Entretanto, o modelo vem sendo descreditado nas últimas semanas. Com a crise vivida pelos Estados Unidos, a intervenção do governo Bush nas questões financeiras está suscitando dúvidas sobre a validade e a eficiência das práticas neoliberais, sobretudo em momentos de retração econômica. Diante deste panorama, alguns especialistas chegaram a declarar que a situação atual é o marco do fim do neoliberalismo.

Para discutir o assunto e entender quais serão os possíveis rumos do neoliberalismo, o Olhar Virtual conversou com Antônio Licha, professor do Instituto de Economia (IE), e Valter Duarte, professor do Instituto de Filosofia e Ciências Sociais (IFCS).

 

Antônio Licha
Professor do Instituto de Economia da UFRJ

Se o termo neoliberalismo se refere à desregulação de mercados e à pouca intervenção do Estado na economia, sem dúvida os próximos anos serão menos neoliberais. Em especial, se as conseqüências econômicas desta crise são elevadas, os mercados financeiros serão mais regulados e o governo vai intervir mais neles.

Existem “ondas” ideológicas relativas à relação mercado e estado. No final dos anos 70 e começo dos 80, as idéias neoliberais começaram a dominar o debate devido à expansão dos mercados financeiros que solicitavam remover as “amarras” para se desenvolver. Na medida em que a liberalização não é mais funcional — por causa da crise financeira —, idéias estatizantes começam a ocupar o debate econômico: agora o Estado deve salvar os bancos!

Na área do comércio internacional de mercadorias sempre houve algum grau de intervenção estatal e de protecionismo. Entretanto, na área financeira, os países desenvolvidos liberalizaram seus mercados a partir dos anos 70. Essa desregulação é uma das causas da crise atual.

O estado cumpre vários papéis nos processos de desenvolvimento econômico, supervisionando, regulando e produzindo em setores onde as empresas privadas não o fazem — como em alguns setores de infra-estrutura. Esses papéis variam de país para país e dependem do momento histórico de que se trata.

Os próximos anos serão mais intervencionistas, como foi o período que vai da década dos 30 até a década dos 70. Nesse período, as idéias neoliberais tiveram pouca força política. Mas ao longo dos 60 foram ganhando força e se tornaram hegemônicas a partir dos 80 (como tinham sido até 1930). Desta forma, o pêndulo ideológico se agita numa direção ou outra. A meu ver, isso está associado a necessidades históricas diferentes do capitalismo, em especial do financeiro.

 

Valter Duarte
Professor do Instituto de Filosofia e Ciências Sociais da UFRJ

Não acredito que se possa falar em sistema neoliberal. Penso que com neoliberalismo nos referimos ao renascimento de um ideal e da sua influência. Em resumo, seria o ideal de minimização do papel interventor dos governos nas sociedades, em especial, nas atividades em que se deve ter iniciativa financeira, iniciativa monetária. Assim, não cabe dizer que esse ideal acabou e sim que sua influência diminuiu consideravelmente.

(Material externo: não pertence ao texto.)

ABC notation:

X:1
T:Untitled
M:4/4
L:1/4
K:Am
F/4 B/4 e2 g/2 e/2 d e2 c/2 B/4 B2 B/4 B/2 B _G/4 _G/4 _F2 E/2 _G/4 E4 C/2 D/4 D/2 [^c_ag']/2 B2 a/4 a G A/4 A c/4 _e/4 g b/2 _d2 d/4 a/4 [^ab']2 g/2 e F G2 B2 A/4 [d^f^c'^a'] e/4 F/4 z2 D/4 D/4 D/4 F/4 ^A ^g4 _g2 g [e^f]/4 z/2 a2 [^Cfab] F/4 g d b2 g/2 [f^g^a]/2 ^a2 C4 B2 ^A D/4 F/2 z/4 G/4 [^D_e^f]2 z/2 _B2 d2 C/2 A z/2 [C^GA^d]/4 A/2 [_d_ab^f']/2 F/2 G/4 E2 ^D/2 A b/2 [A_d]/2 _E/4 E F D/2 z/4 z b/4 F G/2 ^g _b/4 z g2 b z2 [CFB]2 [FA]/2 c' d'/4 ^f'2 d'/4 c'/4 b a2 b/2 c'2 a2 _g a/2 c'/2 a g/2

Os problemas sociais que podem levar à perda dessa influência são, em geral, os que dependem de iniciativas financeiras, como produção de empregos e produção de bens. Se diminuírem a ponto de agravarem o desemprego, provocarem inflação e diminuírem o consumo, acarretarão intervenções governamentais, o que menos querem os liberais, possam ou não ser chamados de neoliberais.

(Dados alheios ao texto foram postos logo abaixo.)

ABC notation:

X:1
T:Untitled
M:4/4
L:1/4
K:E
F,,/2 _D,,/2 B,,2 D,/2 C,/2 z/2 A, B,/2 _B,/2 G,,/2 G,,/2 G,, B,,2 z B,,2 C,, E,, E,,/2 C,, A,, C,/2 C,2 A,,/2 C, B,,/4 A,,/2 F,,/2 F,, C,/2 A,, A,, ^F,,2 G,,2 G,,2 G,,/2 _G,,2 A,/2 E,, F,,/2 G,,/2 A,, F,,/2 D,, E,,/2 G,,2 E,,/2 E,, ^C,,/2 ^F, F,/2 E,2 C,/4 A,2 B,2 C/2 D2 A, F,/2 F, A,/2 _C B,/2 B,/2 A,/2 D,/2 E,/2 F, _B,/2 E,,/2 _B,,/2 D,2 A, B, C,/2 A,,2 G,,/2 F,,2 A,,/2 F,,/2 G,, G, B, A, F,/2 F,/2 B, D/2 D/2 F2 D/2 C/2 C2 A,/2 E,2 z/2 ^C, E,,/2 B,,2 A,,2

A não-intervenção governamental diante de um colapso das atividades financeiras só levaria ao agravamento. Diante desse caso, não se conhece nada que não venha de iniciativas governamentais para que o capitalismo volte a recuperar seus níveis de funcionamento que não sejam considerados críticos. É um dos papéis próprios dos governos esse de intervir nessas atividades.

O neoliberalismo, como ideal, leva a um pluralismo anárquico das atividades financeiras sem qualquer preocupação social, porque é portador da crença de que essa liberdade anárquica teria resultados sociais ótimos, mesmo os não planejados.

A queda da influência neoliberal não diz respeito à democracia e não tem relação necessária com a diminuição das desigualdades; apenas com a volta de maior responsabilidade governamental nas questões financeiras, na ordem financeira, e, por isso, nas questões sociais geradas ou agravadas pela crise à qual a forte influência do neoliberalismo levou.